Captioned web image data:
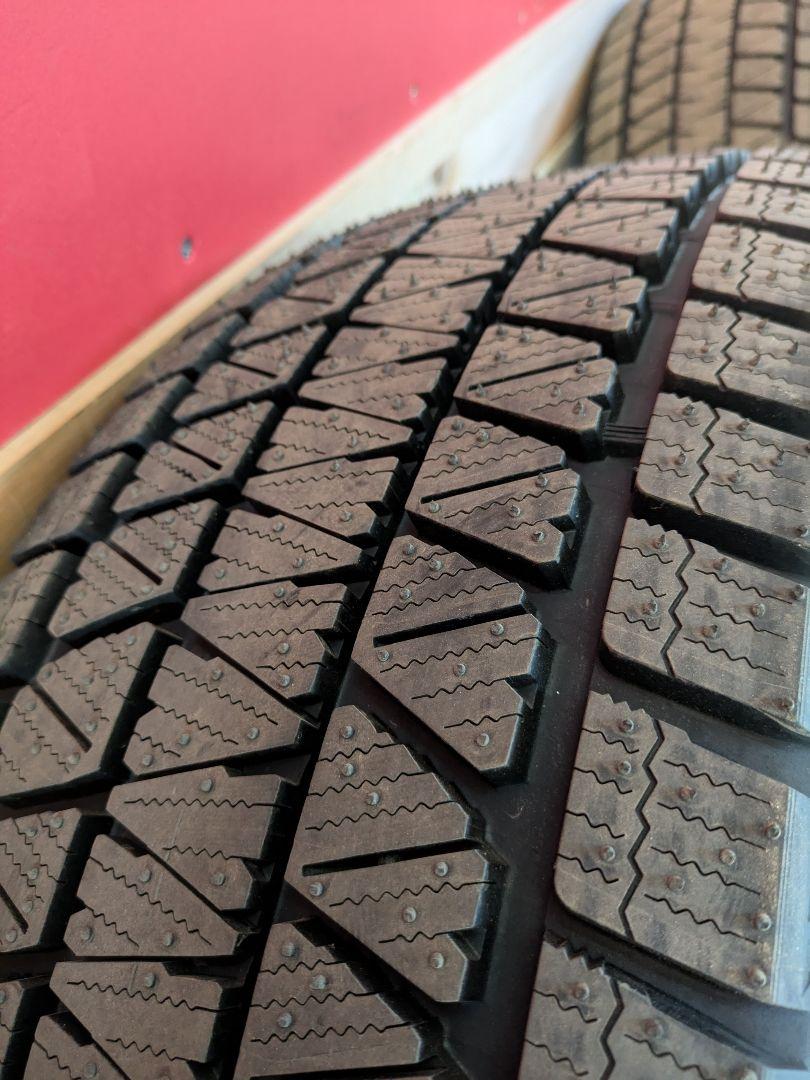 ①ブリヂストン スタッドレス　BLIZZAK DM-V3 265/65R18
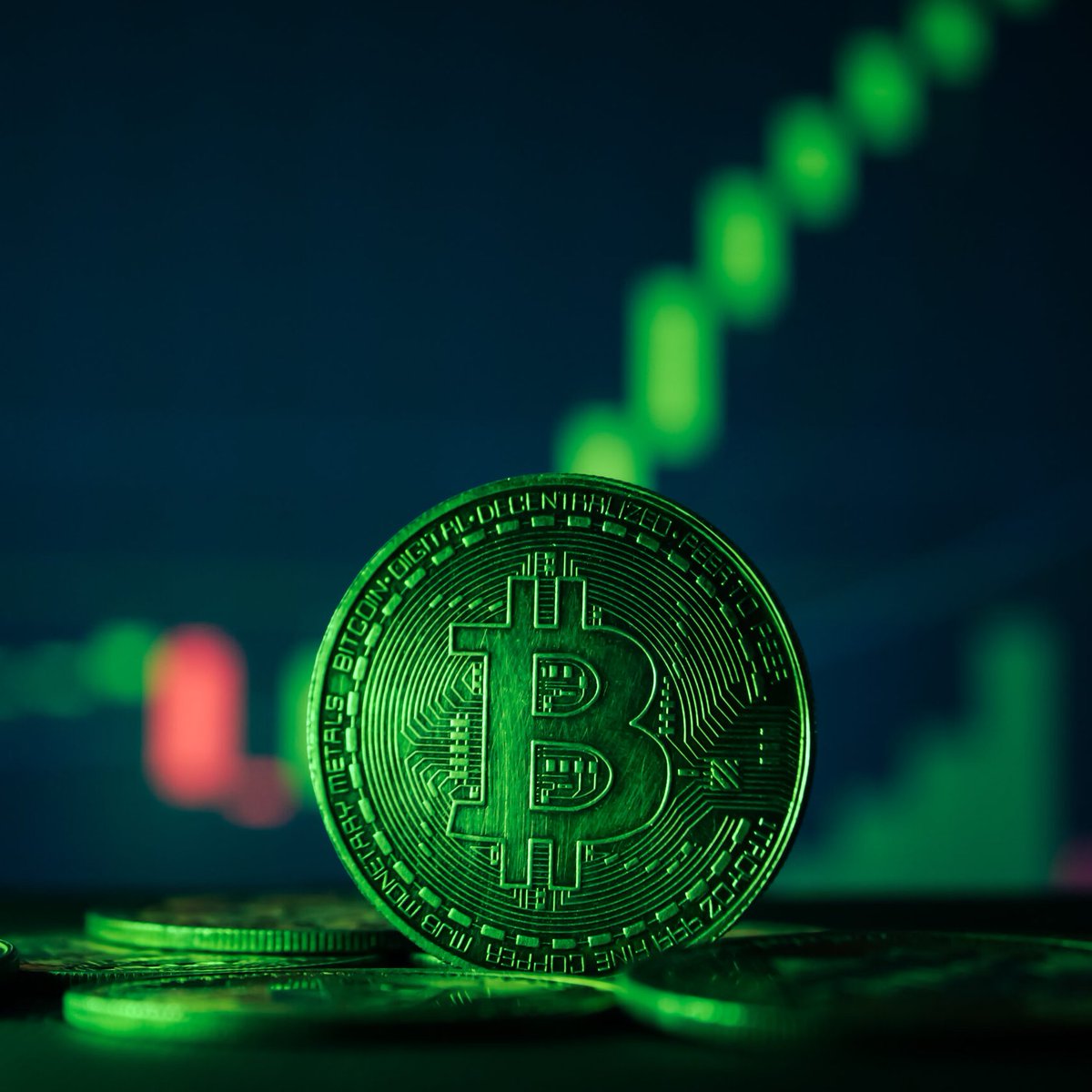 🚨BITCOIN JUST ERASED MOST OF THE IRAN WAR CRASH

Bitcoin ended April up +11.87%, reversing most of the brutal February crash triggered by the Iran conflict.

$BTC is now back near its highest level since early February, after bouncing from the $60K–$70K danger zone.

Will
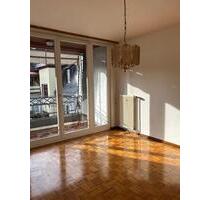 Tolle 2-Zimmer-Wohnung in zentraler Lage von Geisenheim mit Balkon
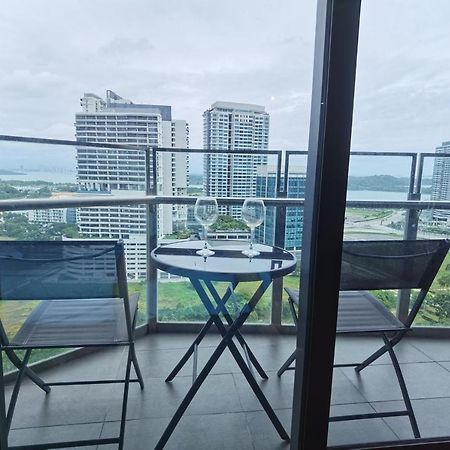 Ferienwohnung Almas Puteri Harbour Nusajaya  Exterior foto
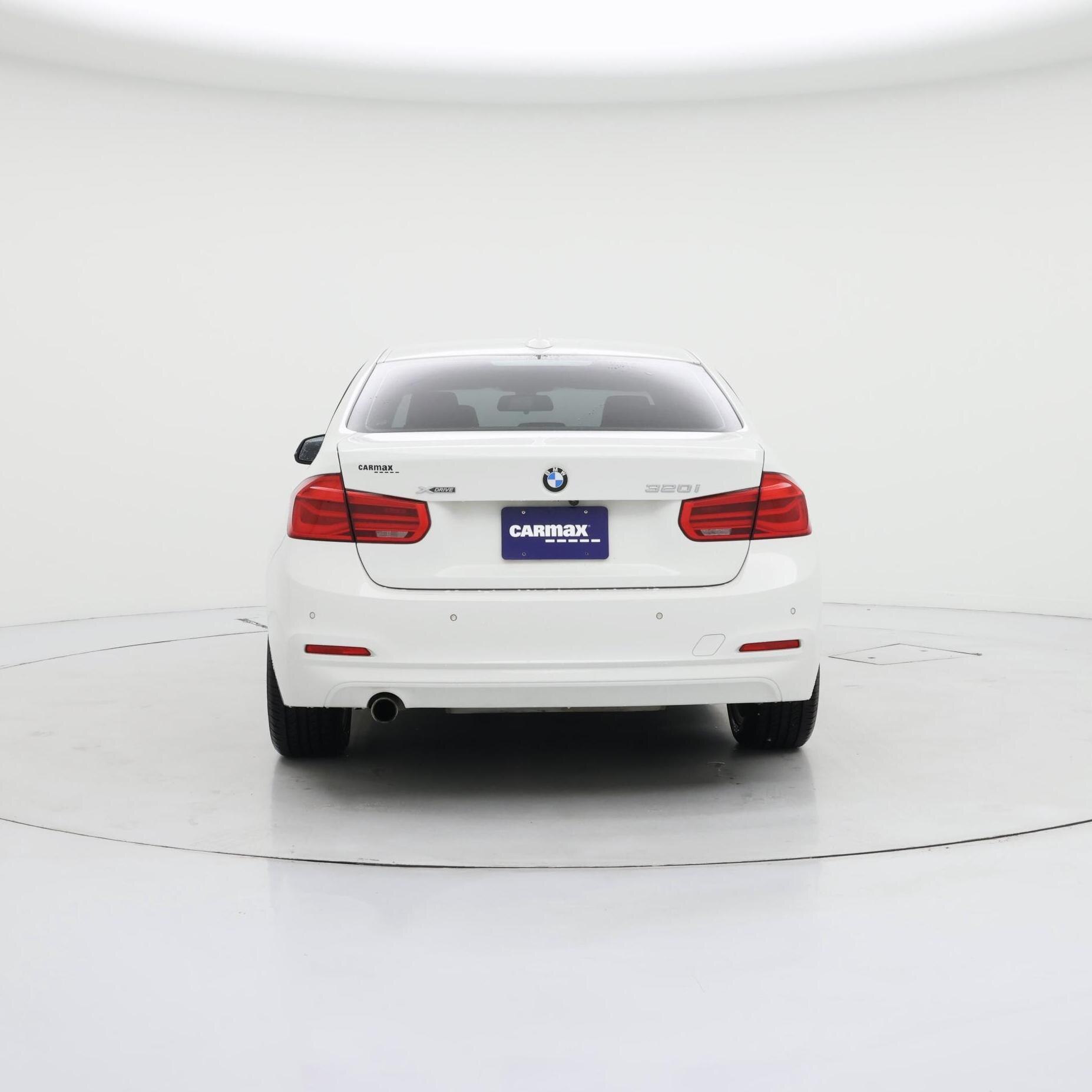 Thumbnail: 2016 BMW 3 Series - 6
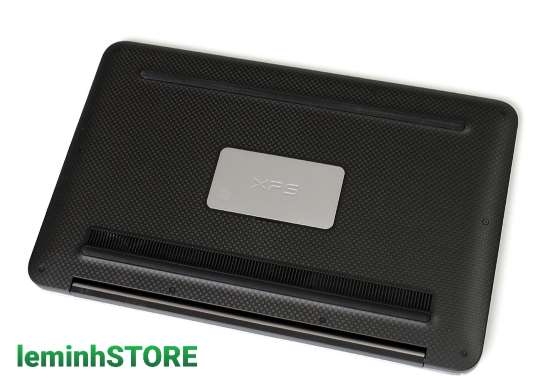 Máy thật Dell XPS L322x i7 – phần viền mỏng và chiếu nghỉ tay phủ carbon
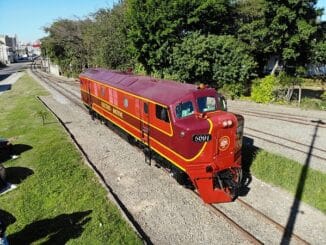 Locomotiva modelo B12, fabricada em 1953 pela EMD, foi reformada pela FTC em parceria com o Museu Ferroviário de Tubarão (SC). Foto: Divulgação/FTC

**Exercise requirements**.
Repeat word for word, leaving out the pictures, each line of the records from the line that holds "Bitcoin ended April" through the final one.

**Your solution**.
Bitcoin ended April up +11.87%, reversing most of the brutal February crash triggered by the Iran conflict.

$BTC is now back near its highest level since early February, after bouncing from the $60K–$70K danger zone.

Will
 Tolle 2-Zimmer-Wohnung in zentraler Lage von Geisenheim mit Balkon
 Ferienwohnung Almas Puteri Harbour Nusajaya  Exterior foto
 Thumbnail: 2016 BMW 3 Series - 6
 Máy thật Dell XPS L322x i7 – phần viền mỏng và chiếu nghỉ tay phủ carbon
 Locomotiva modelo B12, fabricada em 1953 pela EMD, foi reformada pela FTC em parceria com o Museu Ferroviário de Tubarão (SC). Foto: Divulgação/FTC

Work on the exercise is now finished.